Local-Linear Kernel Regression

We give a brief introduction to the mathematics of local-linear kernel regression followed by source code showing how to fit the bandwidth parameter using k-fold cross validation.

Problem Setup

Assume we have data of the form $(y_1, x_1), (y_2, x_2),\ldots,(y_n, x_n)$ where $y_i$ are the response variables and $x_i$ are predictor variables.
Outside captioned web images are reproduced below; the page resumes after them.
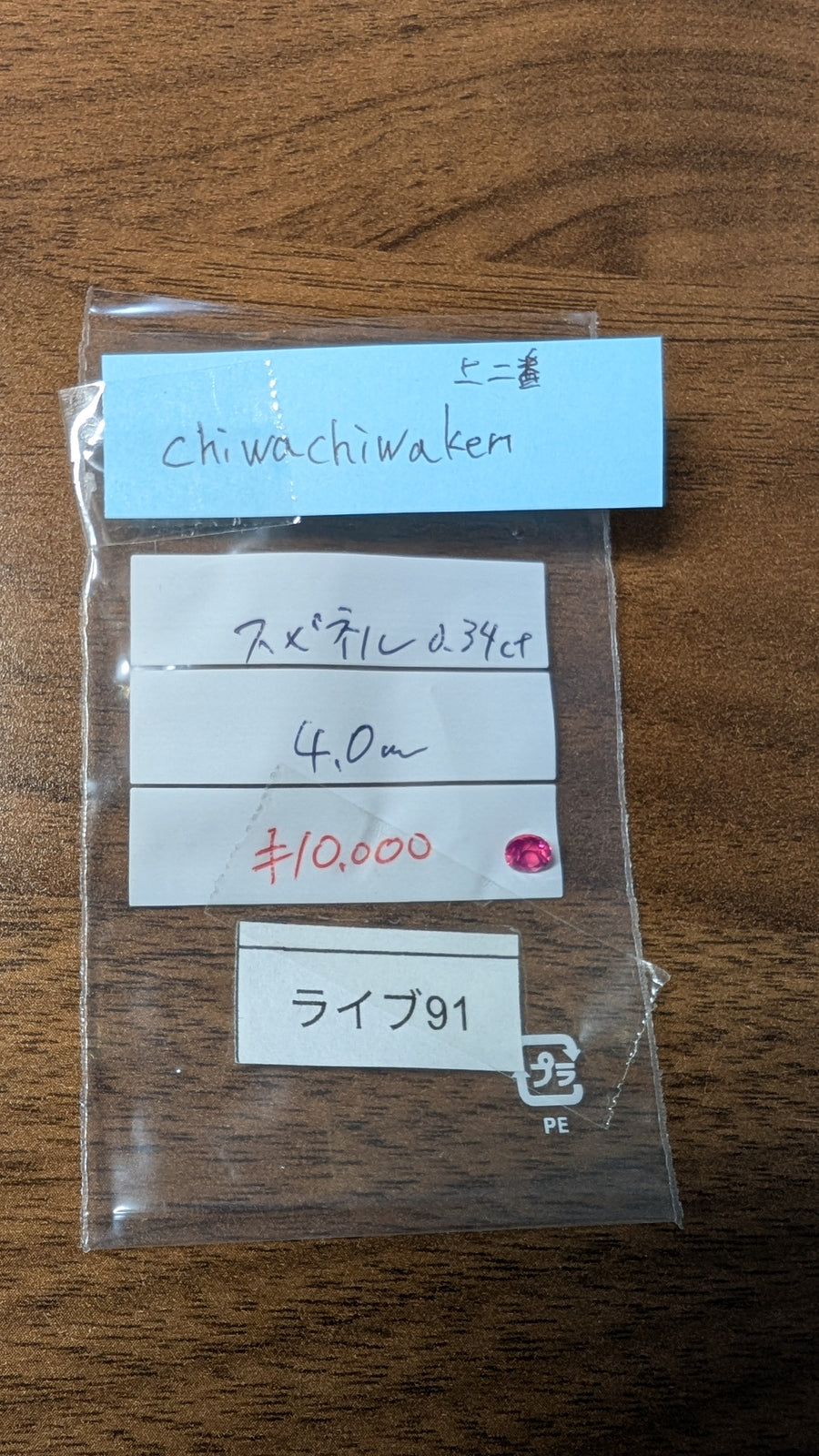 ★Live251004LIVE91 spinel 0.34ct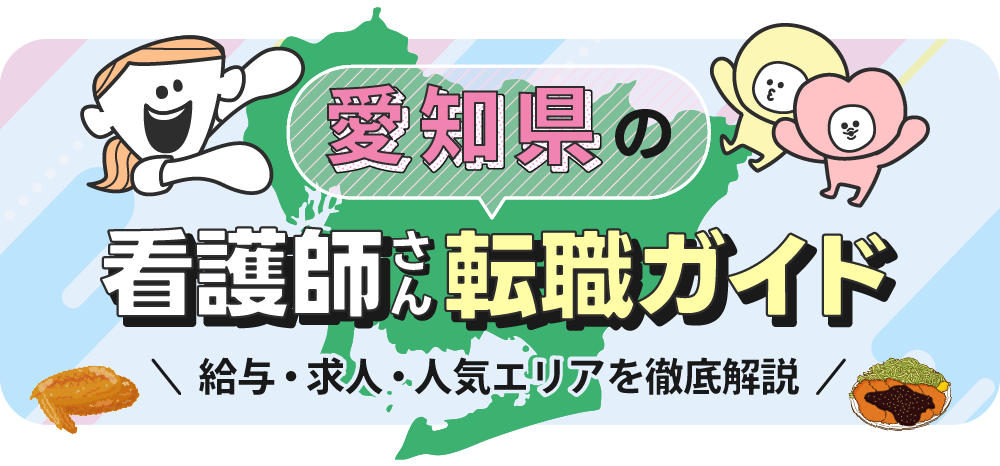 愛知県TOP画像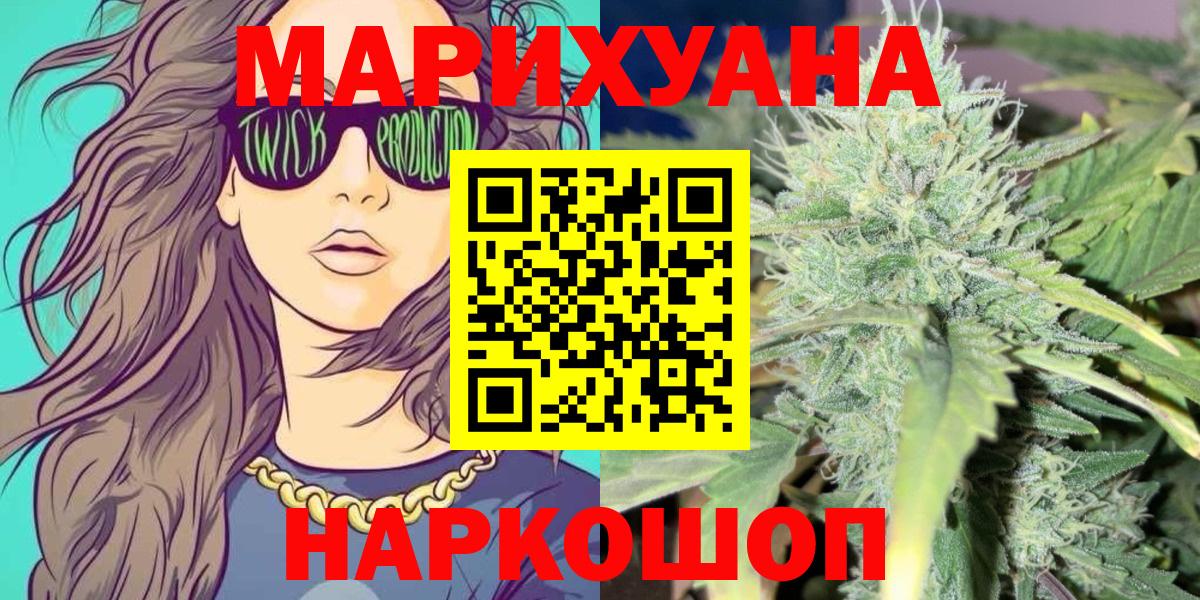 Марихуана SATIVA & INDICA  МАРИХУАНА AK-47  Канабис семена  Вход с VPN  Каннабис план  Электросталь 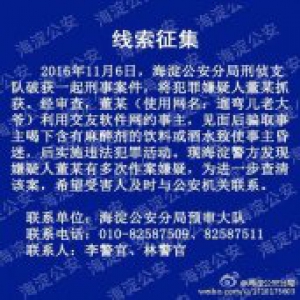 嫌犯用网约软件迷奸美女 北京警方征集线索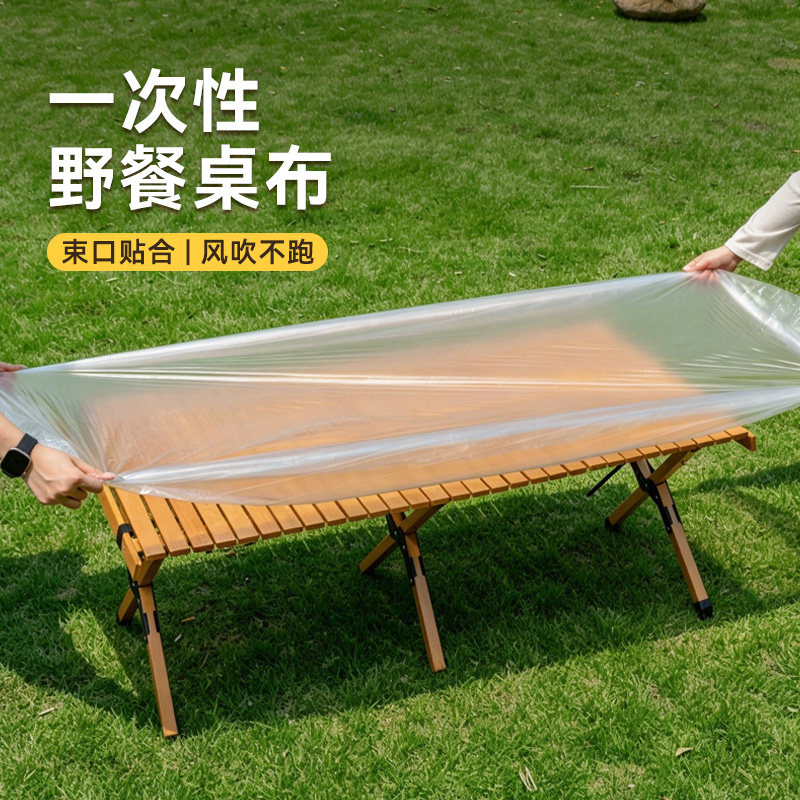 露营一次性桌布户外野餐束口松紧带长方形蛋卷桌加厚餐布免洗小垫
Suppose we have a new test point $x$ for which we are trying to estimate the corresponding $y$ value. Local linear estimation assumes the relationship,

$$ y = m(x) + u $$

where $u$ is the error.

Then we consider the Taylor series expansion about the test point $x$ for each of the data points $(y_i, x_i)$,

$$ \begin{aligned} y_i &= m(x_i) + u_i \\ &\approx m(x) + (x_i - x) m'(x) + \ldots \text{(higher order terms)} + u_i\\ &= m(x) + (x_i - x) \beta(x) + u_i \end{aligned} $$

where in the above we renamed the gradient $m'(x)$ to the more familiar $ \beta(x)$ as is commonly used in regression terminology.

Now if we ignore the higher order terms in the Taylor series, and treat $m'(x)$ and $ \beta(x)$ as the parameters to fit, we get the familiar linear regression setup,

$$ y_i = \beta_0 + (x_i - x) \beta_1 + u_i $$

So local linear kernel regression seeks to minimize,

$$ \begin{aligned} &\min_{\{\beta_0,\beta_1\}}\sum_{i=1}^n \left[\underbrace{y_i - \beta_0 - (x_i - x) \beta_1}_{z_i} \right]^2 K_h(x_i, x)\\ &= \min_{\{\beta_0,\beta_1\}}\underbrace{ \begin{bmatrix} z_1 & z_1 & \dots & z_n \\ \end{bmatrix}}_{\mathbf{z}^T}\underbrace{ \begin{bmatrix} K_h(x_1, x) & & \\ & \ddots & \\ & & K_h(x_n, x) \end{bmatrix}}_{\mathbf{K(x)}} \underbrace{\begin{bmatrix} z_1 \\ z_2 \\ \vdots \\ z_n \\ \end{bmatrix}}_{\mathbf{z}}\\ &= \min_{\{\beta_0,\beta_1\}} \mathbf{z}^T \mathbf{K(x)} \mathbf{z} \end{aligned} $$

with $ K_h(x_i, x)$ as the kernel and $\mathbf{z}=\mathbf{y} - \mathbf{X}\mathbf{\beta}$.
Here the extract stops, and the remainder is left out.